Let me be clear, this person is the embodiment of all I see wrong with this world. He is the reason things are the way they are and to write him as he needs to be, as the material dictates, requires me to have compassion for him and for those people. To exist in a world of black and white, where one is either all good or all bad, is a comfort just as much as it is a painful limitation in life experience necessitated by, in my opinion, serious trauma. A favorite author of mine wrote most of her characters in such a fashion and, even though her works are/have been quite pivotal for me, this unwillingness to draw villains realistically left the application of her notions falling short in the eyes of the populace.
All that said, I still sit here writing a blog post instead of working on this character. A character whom, for all intents and purposes, just as vital to the story as the heroine. This is an instance where I sit and think of how to attack this problem and I begin to think that “telling” would be so much easier; it would enable me to have a greater separation from the character.
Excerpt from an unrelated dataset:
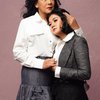 5 Potret Cantik Naysila Mirdad dan Lydia Kandou yang Disebut Primadona Dua Generasi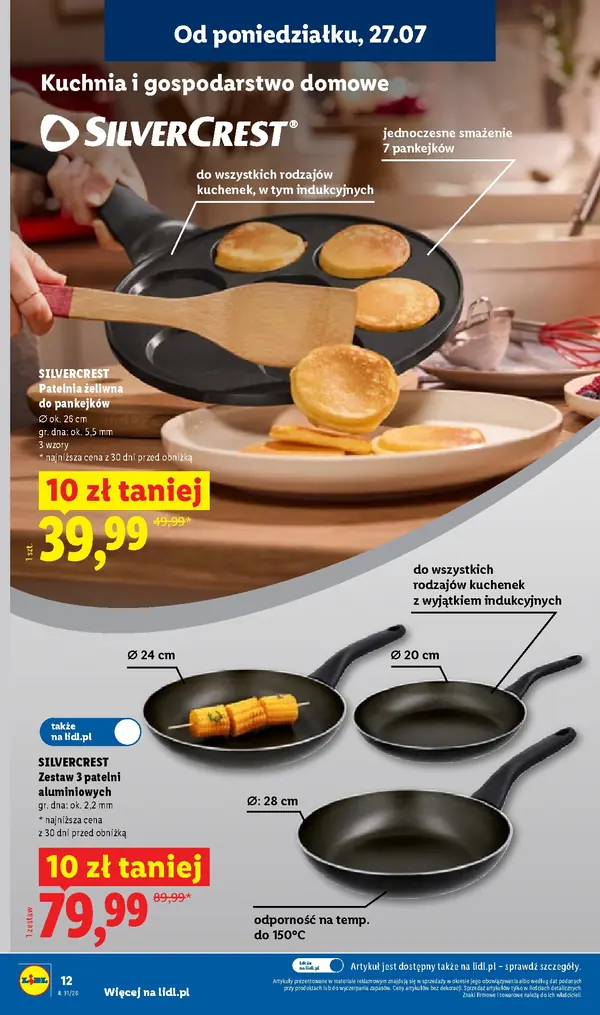 Strona 12 gazetki Lidl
In the interest of the work, in writing it damnably well, I am going to “show” thereby confronting all demons I intellectually acknowledge and doing so, hopefully, with heart and possibly optimism. Alas, I now understand why so many villains are 2-D.
Does sympathy for “the bad guy” ever freak you out? How? When?
**Commenting on Blogspot: Sorry I am that I have been unable to leave comments on many a Blogspot blog. There seems to be some kind of error with WP users commenting with Open ID that has not been fixed yet. Yeah. Interestingly enough this problem is supposed to be “regional” so SOME blogs I’ve been successful in commenting on while most of them I have not. I’ve tried, really I have, and so I will continue to try in hopes the problem is resolved sooner rather than later.